Media literacy and Data literacy are the main ones covered here, but they aren’t the only ones. There are other digital literacies that can help you navigate study, work, and everyday life, including:
Health literacy – finding and assessing reliable online health information
Visual literacy – interpreting and creating visual content like infographics or diagrams
AI literacy – understanding how AI tools work, and using them critically
Each of these literacies helps you make informed decisions and become a more capable and confident digital citizen.
Media literacy is about understanding how digital messages are created, shared, and interpreted — and how you engage with them as both a consumer and a creator. At university, you encounter media in many forms: academic videos, podcasts, news stories, social media posts, infographics, interactive websites, and more. You also produce media yourself — whether that's a presentation, a blog post, a TikTok, or a research project.
To be media literate, you need to ask:
Who made this and why?
What message is being communicated, and how is it being shaped by the medium?
How do I use media responsibly and ethically in my own academic work?
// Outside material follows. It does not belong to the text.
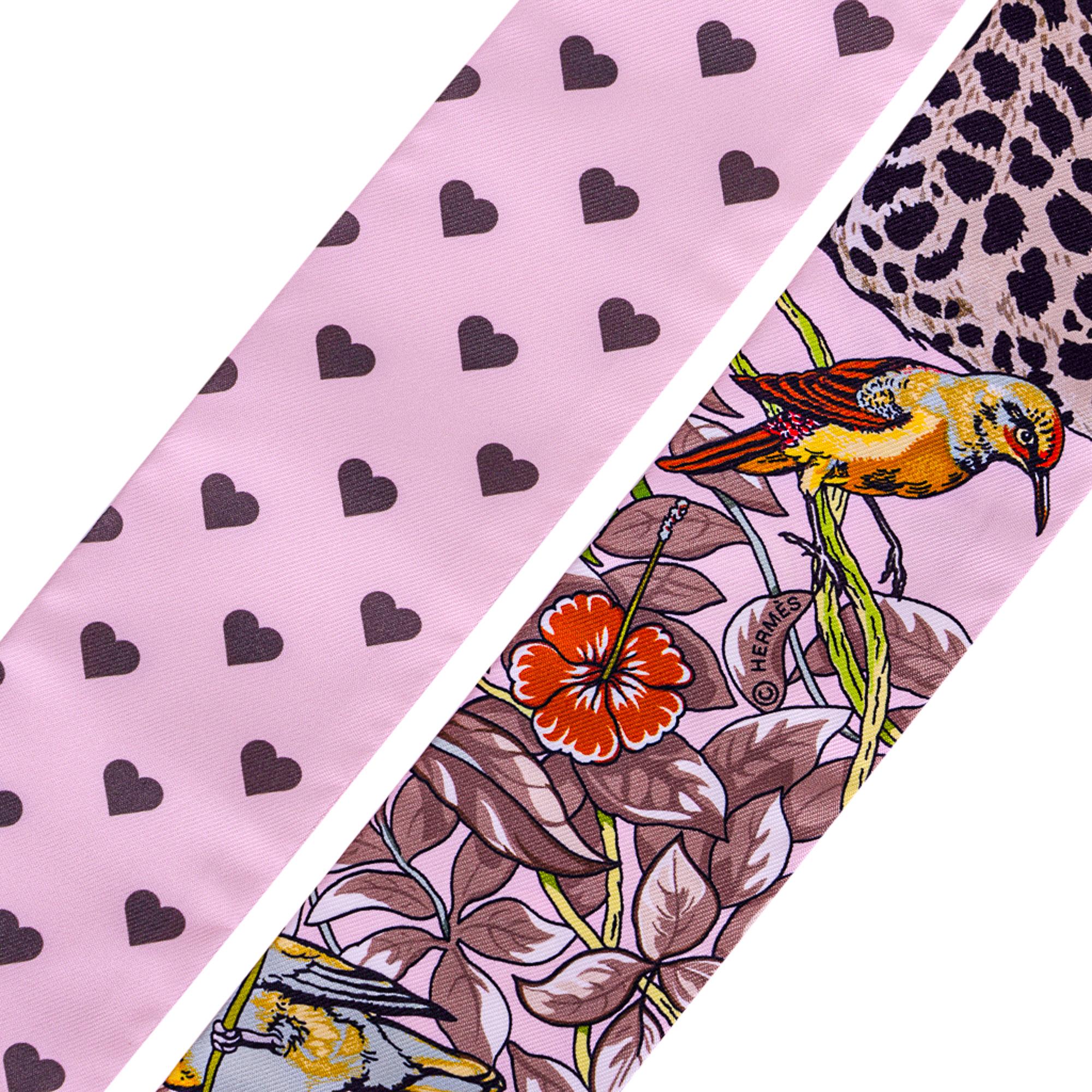 Guaranteed authentic Hermes Twilly features limited edition Jungle Love Love featured in fresh tones of Rose Pale / Etoupe.
Etoupe Hearts sprinkled against the Rose Pale background.
This iconic Hermes accessory can be worn in a myriad ways to add a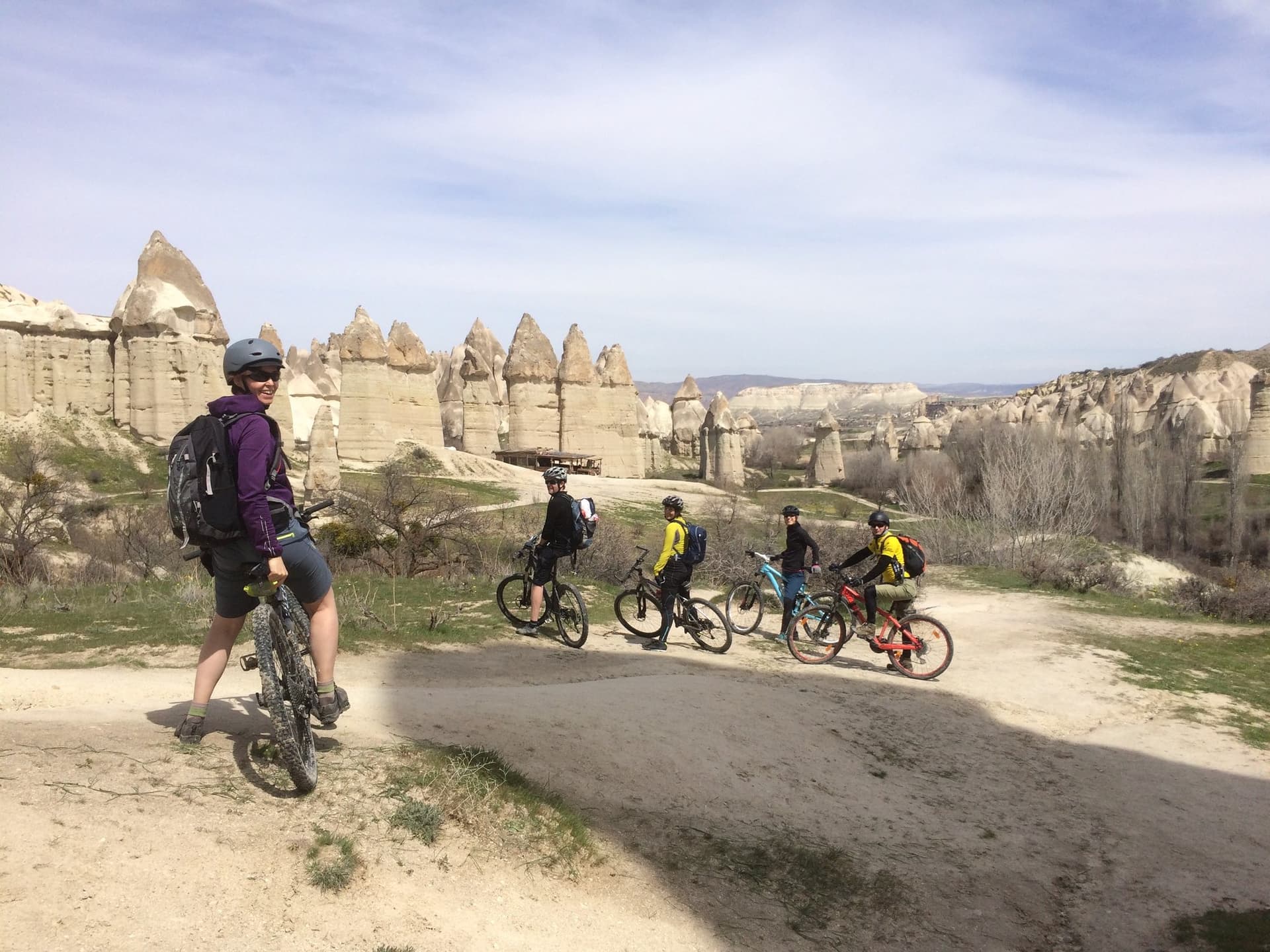 Cyclists with their bikes gathered among fairy chimney formations in Cappadocia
Key Skills in Media Literacy
Critically evaluate media messages: Understand the purpose, bias, and credibility of what you’re seeing, hearing, or reading
Engage with different formats: Analyse and interpret text, graphics, video, audio, animations, games, and simulations. Recognise how each format influences the message.
Create media thoughtfully: Consider audience, accessibility, and design when creating your own content
Understand media’s role in society: Be aware of how digital media shape political views, cultural trends, and educational practices — and how algorithms influence what you see.
Use media ethically: Know your responsibilities around copyright, referencing, and plagiarism. Explore open licences (like Creative Commons) and understand how AI tools affect authorship and attribution.
Prioritise accessibility: Consider how your media choices affect users with different needs. This includes both technical (e.g. mobile-friendly design) and intellectual (e.g. clarity of language) accessibility.
Think critically. Create responsibly. Communicate clearly.
Data literacy is the ability to work with data confidently and responsibly — from collecting and analysing it, to interpreting and presenting it clearly. At university, you may handle data in lab results, surveys, spreadsheets, or dashboards. Whether you're working with statistics in a report or visualising findings in a presentation, data literacy helps you draw meaningful, ethical conclusions.
Key Skills in Data Literacy
Collect and manage data effectively using tools such as spreadsheets, forms or databases to collect and organise data
Analyse data to draw insights, look for trends and patterns in data sets, and think critically about what the numbers mean
Present data clearly and professionally, use appropriate charts, graphs and dashboards to visualise data, to tell a story and support your argument
Think critically about context, understand how the data was collected, what it can and can’t tell you and avoid drawing misleading conclusions
Protect data and respect privacy, know how to handle personal and sensitive information, don’t upload private data to AI tools
Understand the numbers. Tell the story. Handle data with care.